WHAT THE TASK REQUIRES >> Records follow. Print exactly the lines from the one that has "Holzhaus in zentraler" through the one that has "ZE:A YOKOHAMA CONCERT [DVD] tf8su2k", inclusive, and omit the pictures.

──────── EXTRACTED INFORMATION

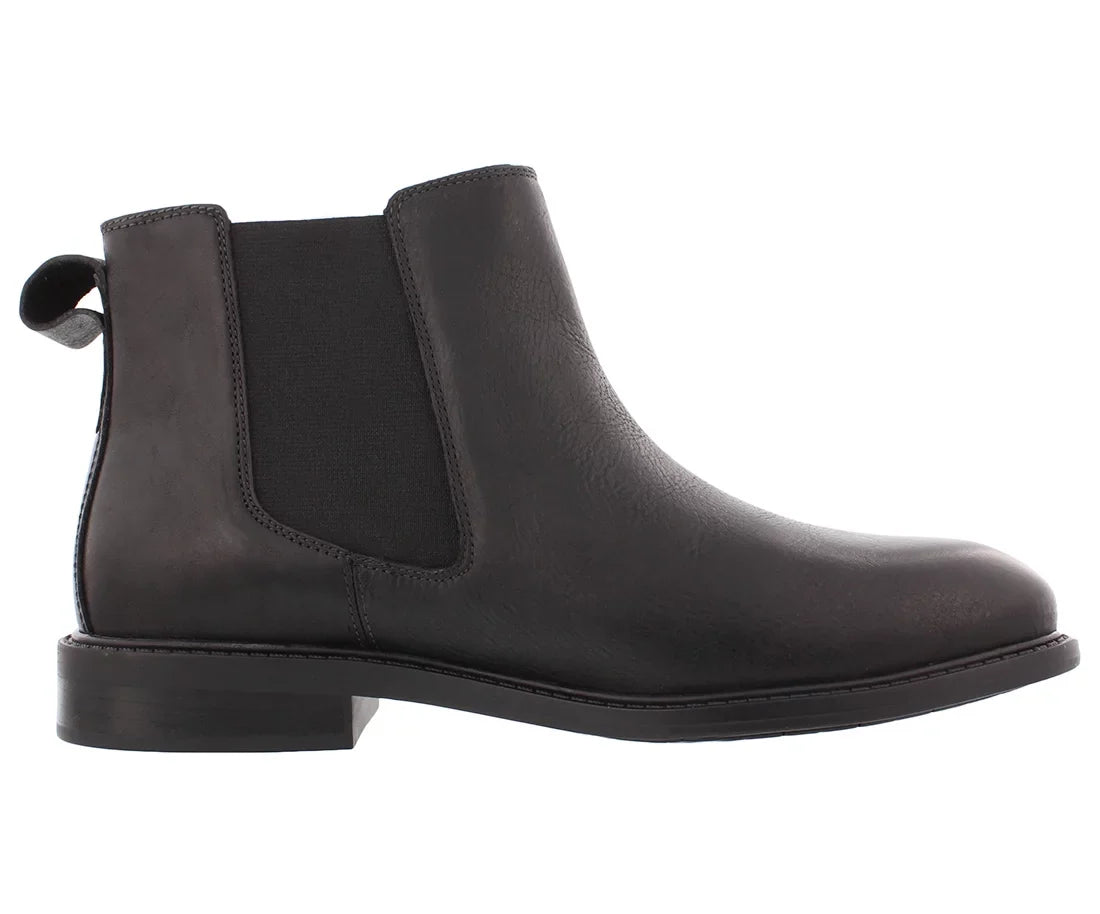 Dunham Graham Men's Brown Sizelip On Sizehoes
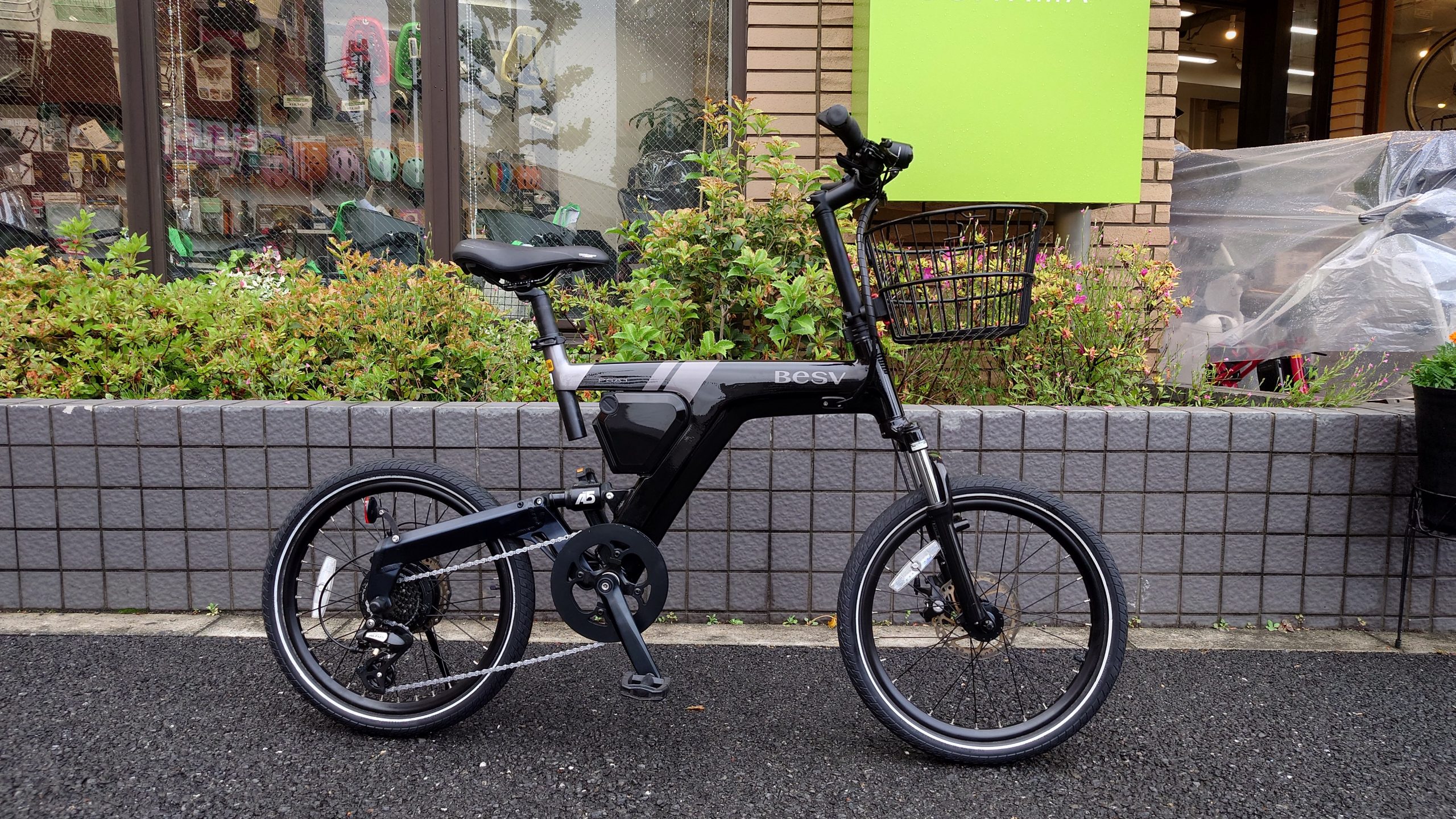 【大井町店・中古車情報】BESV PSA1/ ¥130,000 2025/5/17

────────────────
──────── EXTRACTED INFORMATION

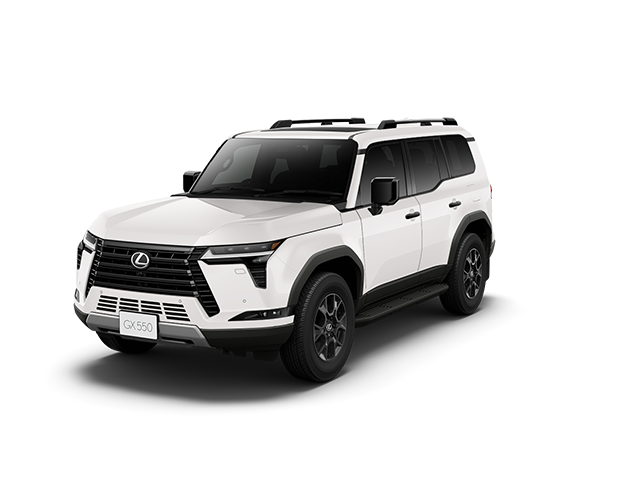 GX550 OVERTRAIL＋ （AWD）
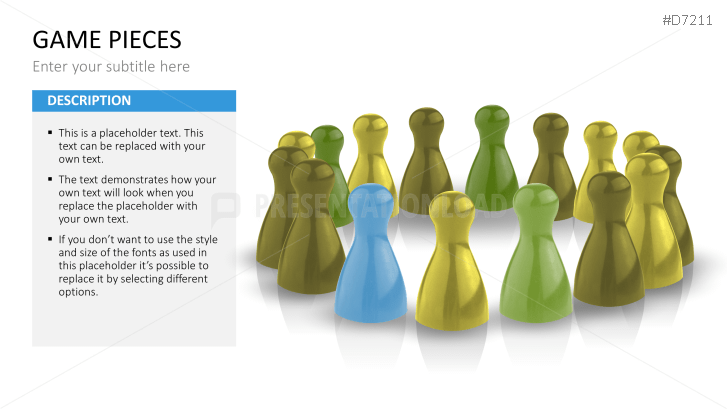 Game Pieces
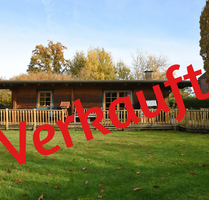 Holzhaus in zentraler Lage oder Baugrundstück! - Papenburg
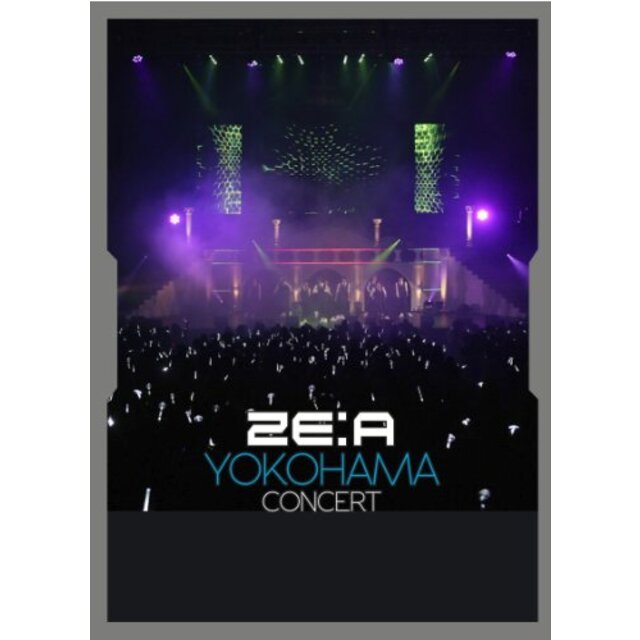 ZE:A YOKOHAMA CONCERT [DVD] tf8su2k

────────────────

TASK ANSWER >>
 Holzhaus in zentraler Lage oder Baugrundstück! - Papenburg
 ZE:A YOKOHAMA CONCERT [DVD] tf8su2k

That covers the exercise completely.